(Beginning of Dataset section)

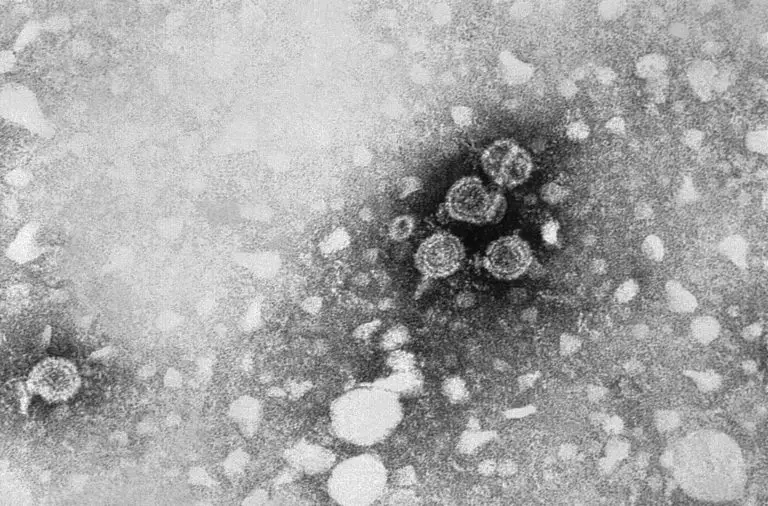 all-types-of-stds-stis-and-their-symptoms-std-blog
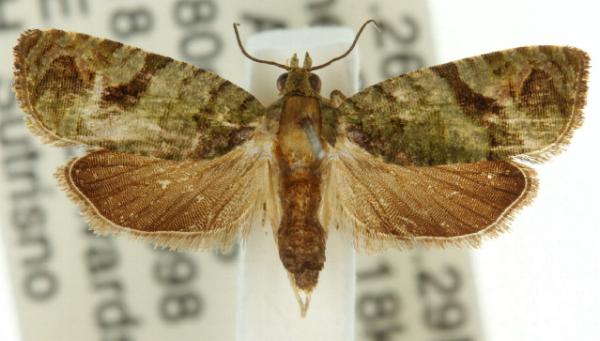Sorolopha elaeodes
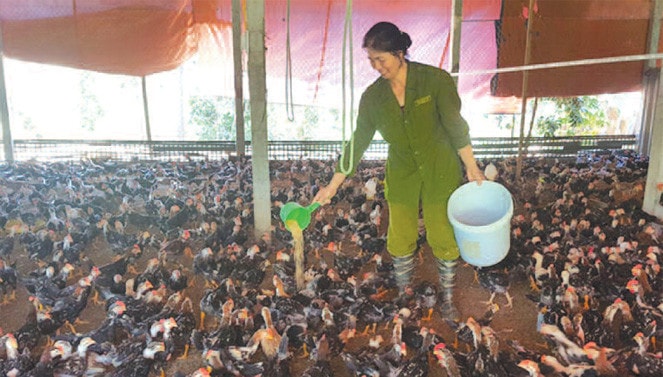 Mô hình chăn nuôi gà theo hướng an toàn sinh học ở xã Đông Yên, huyện Quốc Oai Ảnh: Tường Vy
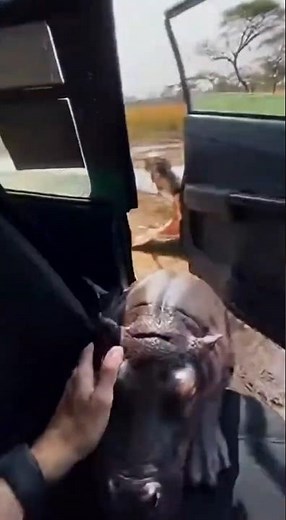 dangerous chase! baby hippo saved just in time 🐊🦛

(End of Dataset section)

Transcribe the material above word for word; images do not belong in the copy.

 all-types-of-stds-stis-and-their-symptoms-std-blog
Sorolopha elaeodes
 Mô hình chăn nuôi gà theo hướng an toàn sinh học ở xã Đông Yên, huyện Quốc Oai Ảnh: Tường Vy
 dangerous chase! baby hippo saved just in time 🐊🦛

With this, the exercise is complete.